The Loveday Pride
- First edition cover
- Author: Kate Tremayne
- Language: English
- Series: Loveday series
- Genre: Historical, Romance Novel
- Publisher: Hodder Headline
- Publication date: 6 June 2005
- Publication place: United Kingdom
- Media type: Print (Hardback)
- Pages: 352 pp (first edition, hardback) & 512 pp (paperback edition)
- ISBN: 0-7553-2418-8 (first edition, hardback) & ISBN 0-7553-2419-6 (paperback edition)
- OCLC: 57528235
- Preceded by: The Loveday Honour
- Followed by: The Loveday Loyalty

= The Loveday Pride =

2005 novel by Kate Tremayne

The Loveday Pride is the sixth book in the Loveday series written by British novelist Kate Tremayne, published in 2005.

==Plot summary==

With the death of his father, St John Loveday is finally master of Trevowan.
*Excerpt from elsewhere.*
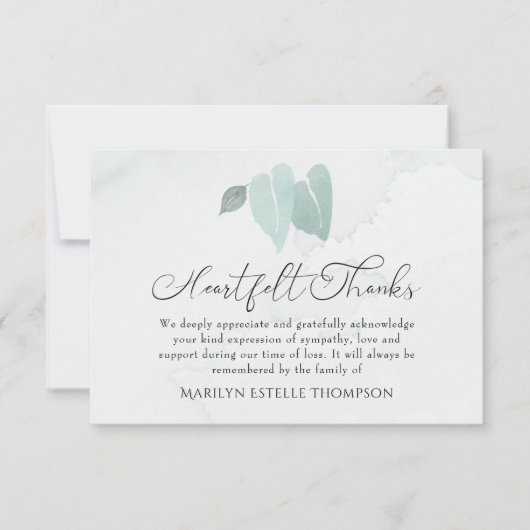 Mémorial aquarelle Coeur Feuille Merci coeur (Devant)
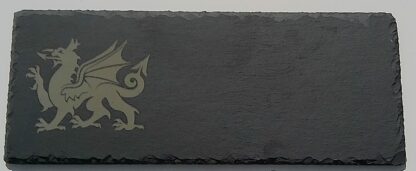 Natural Slate Dining Set with Welsh Dragon Design, 4 Placemats 30x20cm, 4 Coasters 10x10cm, 1 Serving Platter 30x12cm - Image 3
But his success is blighted by the presence of his treacherous wife Meriel who, despite being riddled with pox and consumption, manages to cling on to lifelong enough to thwart his plans to marry a rich widow from America. Embittered by his failure, St John soon turns to drink and gambling while his hatred towards his brother continues to fester.
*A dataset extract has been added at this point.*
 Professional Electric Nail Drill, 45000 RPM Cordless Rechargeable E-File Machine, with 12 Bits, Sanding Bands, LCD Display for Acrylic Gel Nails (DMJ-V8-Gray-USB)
Adam meanwhile has been putting all his energy into rebuilding the ruined estate of Boscabel, which he intends to create as a rival to Trevowan itself.

And on the far side of the world, Gwendolyn races to reach her estranged lover Japhet and give him his pardon. But Japhet has sworn to live an Honorable life, and to return to England with pride. He has made a promise, and pride will not allow him to abandon his obligations.

The girl on the front cover is performance artist, Abi Lake.